N° TA95-2517247(TA95-2517247)
Le Tribunal Administratif de Cergy-Pontoise, saisi d’une question prioritaire de constitutionnalité (QPC) par Mme A... B..., a examiné la conformité aux droits et libertés constitutionnels du VI de l’article 44 de la loi n° 2024-42 du 26 janvier 2024, modifiant le 5° de l’article L. 222-5 du code de l’action sociale et des familles. La requérante soutenait que cette disposition portait atteinte au droit à un recours effectif, au principe d’égalité, à la protection de l’enfance, au droit à l’éducation et à la dignité humaine. Le tribunal a estimé que la disposition contestée était applicable au litige et n’avait pas déjà été déclarée conforme à la Constitution.

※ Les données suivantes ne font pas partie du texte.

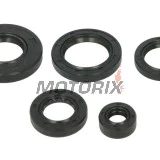 Sada gufer motoru -WINDEROSA- Arctic Cat Arctic Cat 650 2005-2011, Arctic Cat TRV 650 2007-2008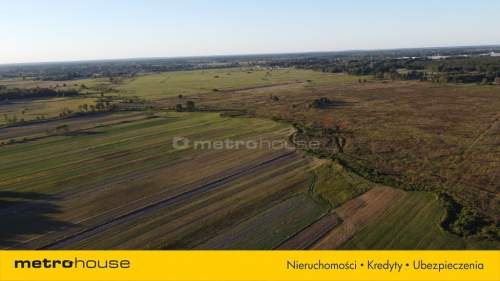 OKAZJA Działka 4000 m2 pod Radzyminem tylko 65ooo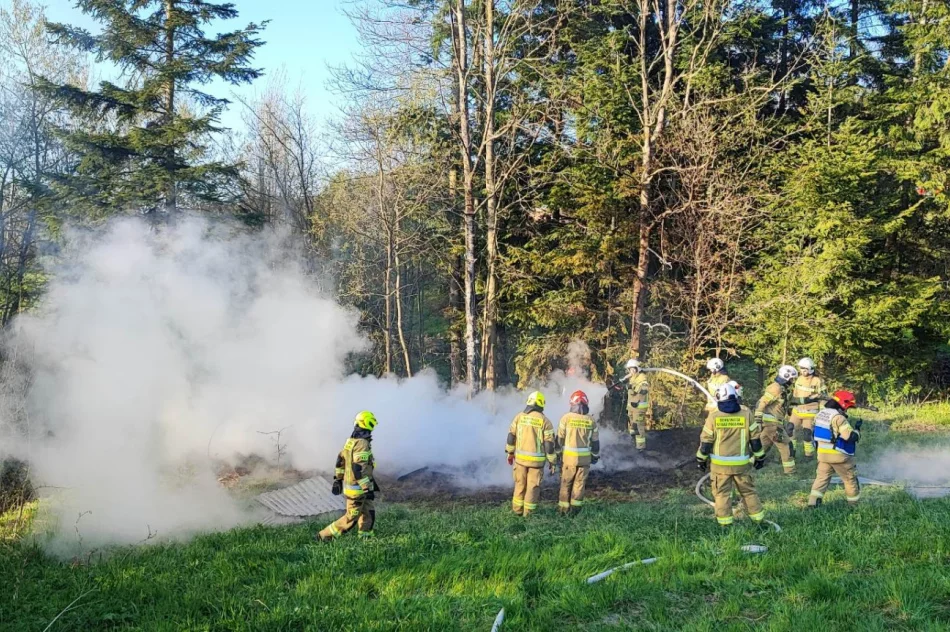 Pożar drewnianych zabudowań - zdjęcie 3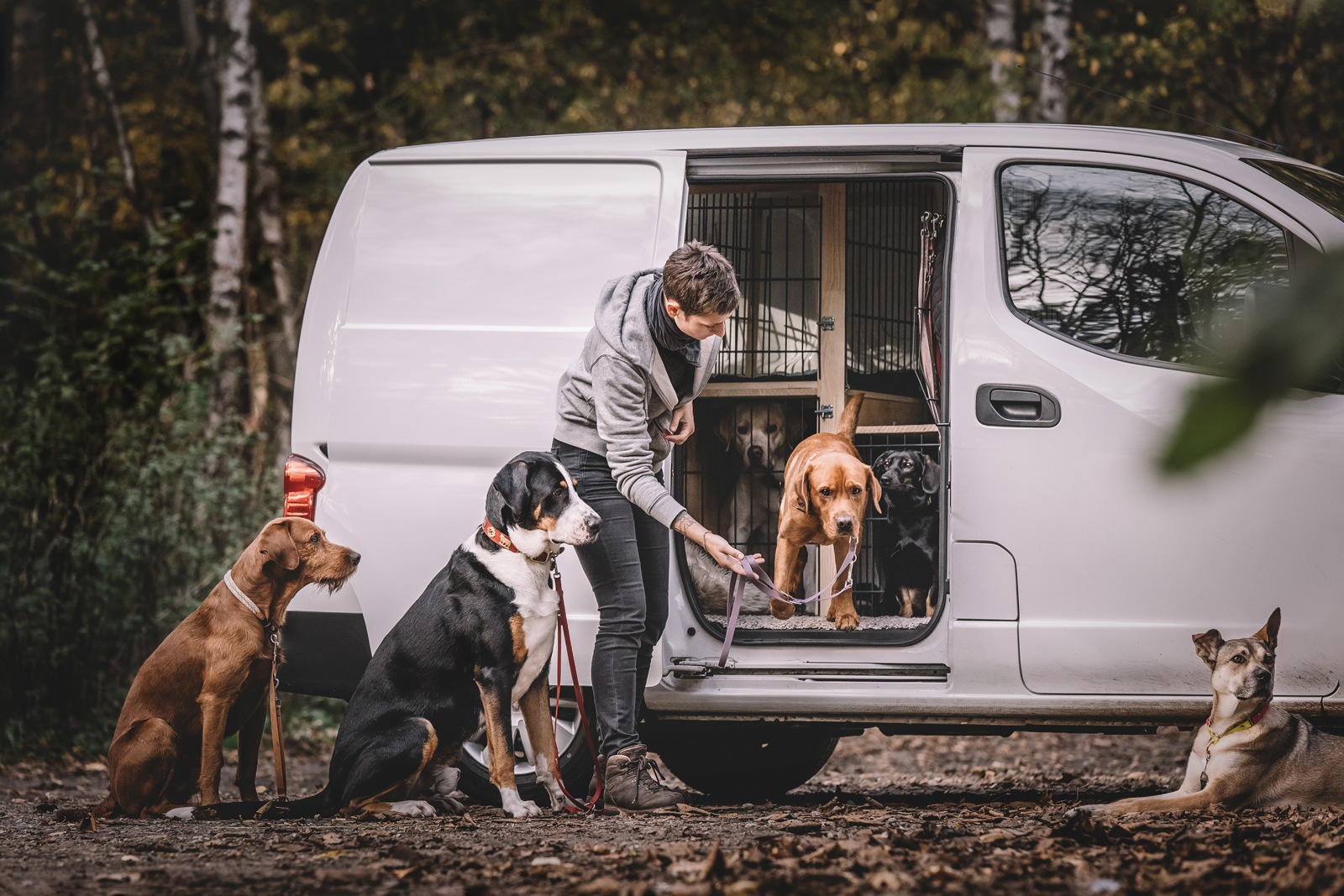 einladen der hunde beim shooting mit prisca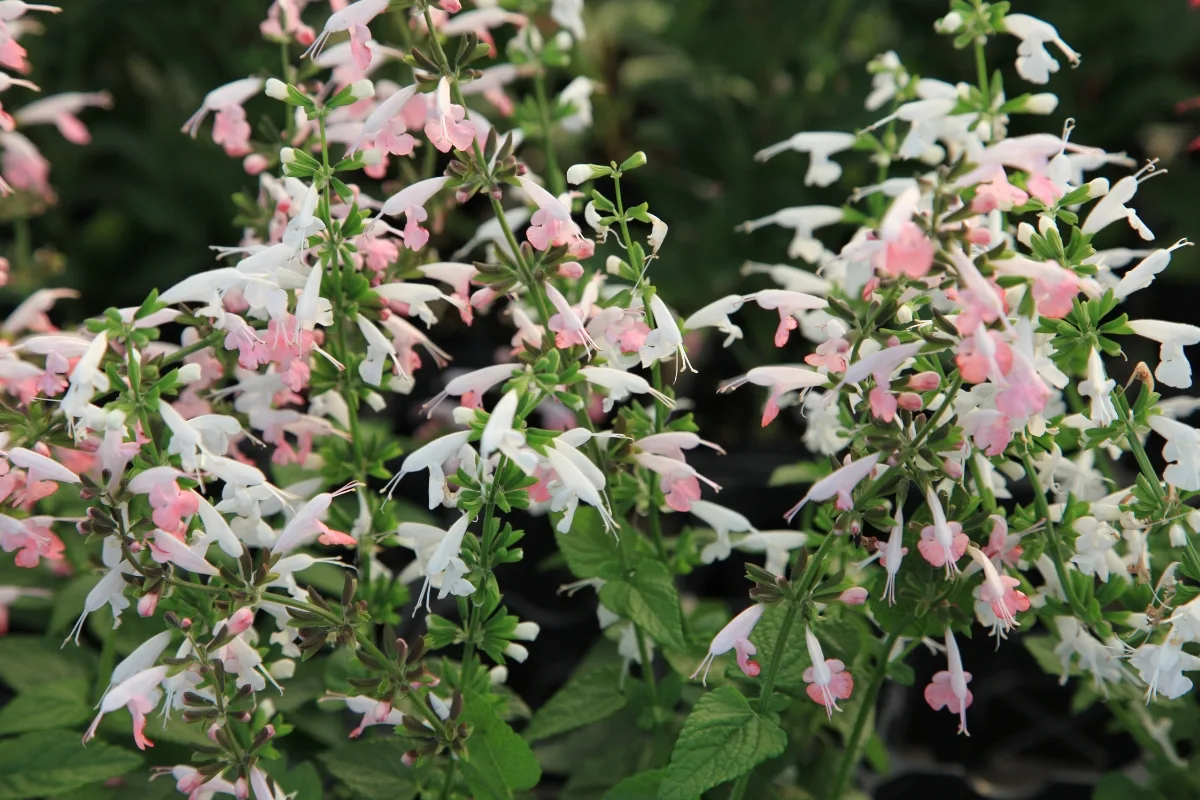 drift of hummingbird coral nymph salvia in the garden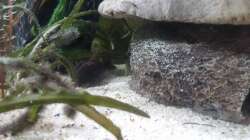 Besatz im Aquarium Juwel Primo 110 LED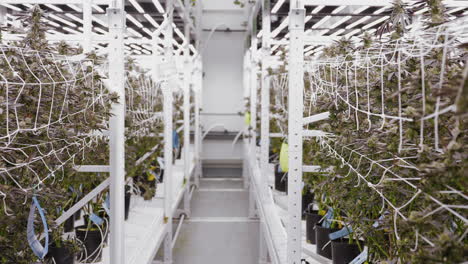 tracking shot along modern cannabis indoor production greenhouse, california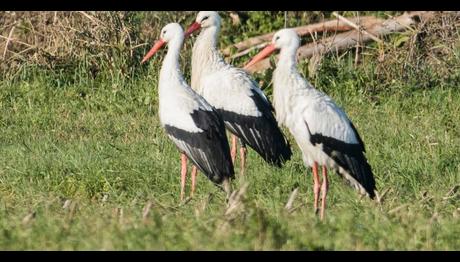 Jonas ın Hikayesi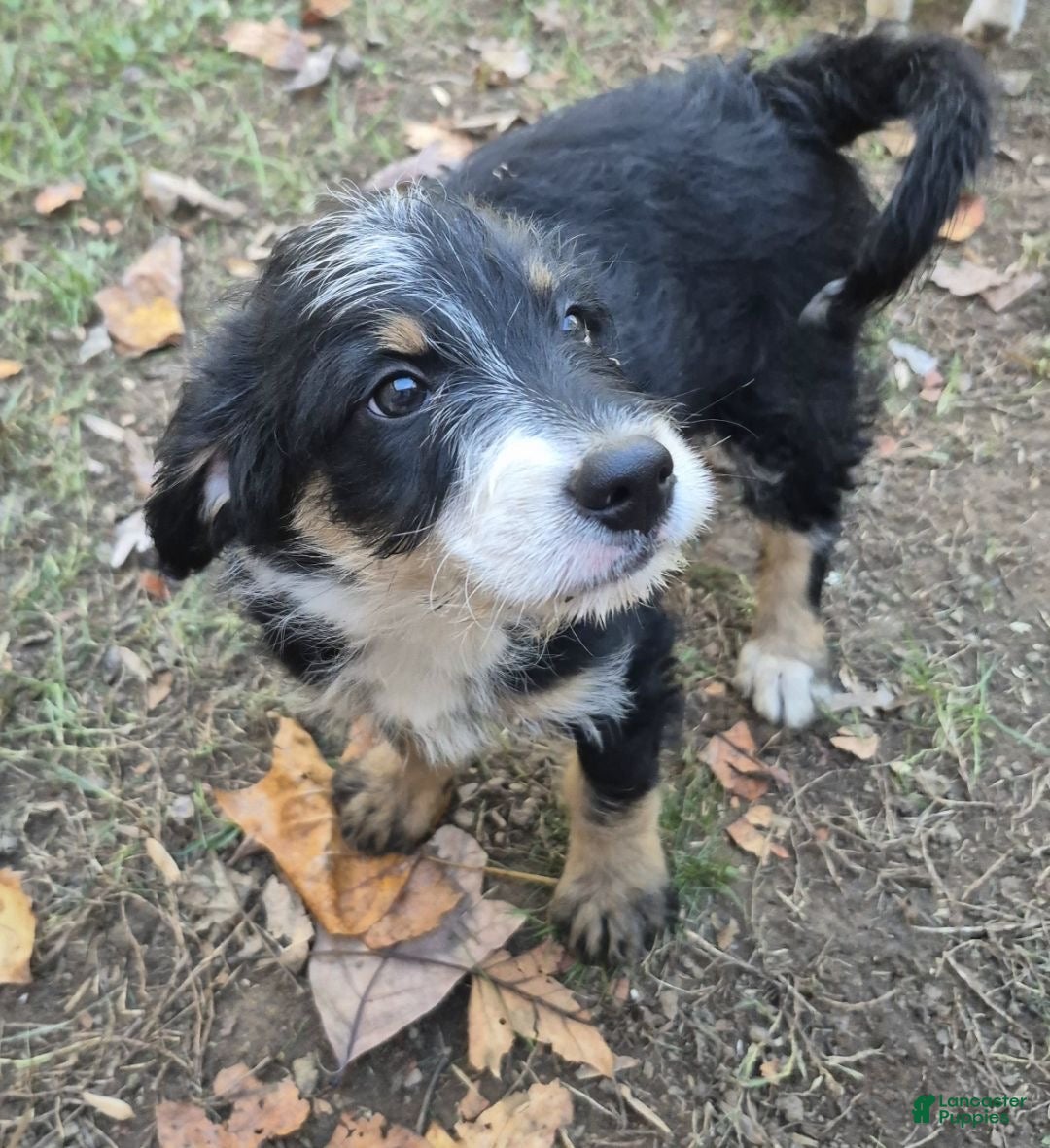 Mini Bernedoodle dogs for sale: Nelly  - Ad 3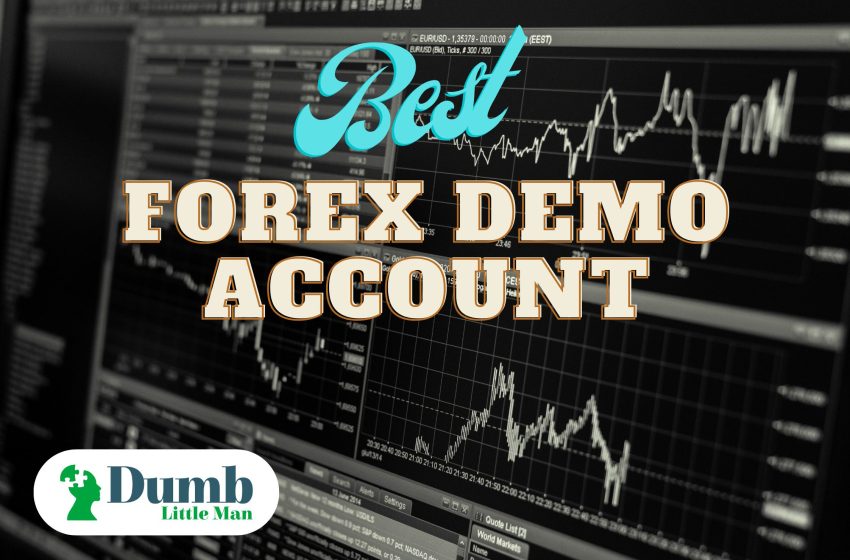  Best Forex Demo Accounts in 2022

Il a jugé que la question présentait un caractère sérieux, justifiant sa transmission au Conseil d’État.
N° TA95-2517970(TA95-2517970)
Le Tribunal administratif de Cergy-Pontoise, statuant en référé sur le fondement de l’article L. 521-3 du code de justice administrative, a rejeté la requête de Mme B..., ressortissante marocaine, qui demandait qu’il soit enjoint au préfet des Hauts-de-Seine de lui délivrer un titre de séjour « étudiant » ou une attestation de prolongation d’instruction. Le juge a constaté que le silence gardé par l’administration pendant quatre mois avait fait naître une décision implicite de rejet de sa demande de renouvellement de titre de séjour, conformément aux articles R. 432-1 et R. 432-2 du code de l’entrée et du séjour des étrangers et du droit d’asile. Cette décision implicite faisant obstacle à toute mesure utile en référé, la demande a été rejetée comme manifestement mal fondée.
N° TA95-2518158(TA95-2518158)
Le Tribunal administratif de Cergy-Pontoise a été saisi par Mme B... d’un recours pour excès de pouvoir contre un arrêté de classement ne prenant pas en compte son ancienneté. La requérante s’est ensuite désistée de son recours. Par ordonnance, le président de la 3ème chambre a donné acte de ce désistement, sur le fondement de l’article R. 222-1 du code de justice administrative.